In a grassy unused field toward the back of Mt. Moriah Cemetery in Southwest Philly, Jimmy Cinque tends beehives.
“I like the bees,” Cinque said, pointing with his thick gloves at a gooey frame thick with honeycomb drawers. “These ones are about to hatch.”
What sets Cinque apart from other beekeepers is that he is an adult with a developmental disability. He works part-time with the bees.
It’s a sign of how far this community has come from the not-so-distant past when many people like Cinque were institutionalized in what was later determined to be inhumane conditions. But decades after de-institutionalization, another change is coming. Cinque found a vocation he truly enjoys through the efforts of Community Integrated Services (CIS), a Philadelphia nonprofit that works in the field of “supported employment” — helping adults with developmental disabilities find work in the community. The jobs can be anything from beekeeping to working at a grocery store or hotel, as long as it takes them into the world at large to earn a living. This may be the wave of the future for people like Cinque. Under rules issued in 2014 by the U.S. Department of Health and Human Services, all Medicaid-funded programs for adults with developmental disabilities must try to find them employment in the community. But making that transition could prove quite a hurdle.
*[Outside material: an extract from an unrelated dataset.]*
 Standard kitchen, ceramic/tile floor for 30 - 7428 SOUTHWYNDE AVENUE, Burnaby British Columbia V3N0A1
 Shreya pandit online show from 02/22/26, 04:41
The rule would be a huge change for the many existing programs known as “sheltered workshops” where adults with developmental disabilities work under supervision to earn an income, usually less than minimum wage. “Unfortunately, the final rule is written as if every developmentally disabled person can do that,” said Bob Kreider, CEO of Devereux Advanced Behavioral Health Services, which operates such workshops in Pennsylvania. “That’s really not true for the person with an IQ of 35, who can’t toilet themselves and is nonverbal.” Along with their mental health programs around the nation and group homes, Kreider’s company operates The Shops at Devereux in Devon, Pennsylvania. Dozens of adults with developmental disabilities work under supervision at a variety of shops, from a car service center to a T-shirt embroidery store. “Places like this are often viewed as segregated from the general public,” said Dorothy Carter, program administrator at the Shops. “But my individuals like it here. They’re happy with the system and supports they have here. Everyone here receives a paycheck. They’re real jobs.” Nonetheless, Susan Schonfeld, executive director of CIS, which helped Cinque find his niche, thinks supported employment is the way to go.
“It’s time for change,” Schonfeld said. “Everybody’s got something they bring to the world. … We take that time to figure out their personal genius.”
Nancy Thaler, deputy secretary of the state’s Department of Human Service’Office of Developmental Programs, also believes the new rules are a positive change.
“This is the next generation of transformation, from institutions to the community,” she said. “The purpose is that people are fully engaged in the community, they’re part of the community, fully involved in the community, including work.” Thaler said the state is planning to fall in line with the new rules by gradually asking programs like the Shops at Devereux to increase community time: first up to 50 percent in 2017, and then up to 75 in the future. She believes the transition will be a success. “When everybody was in institutions, people couldn’t imagine how people with disabilities could possibly live in a community,” she said. “We have to imagine and create and build on the success of the past. Over and over, people with disabilities could do things we thought they couldn’t.”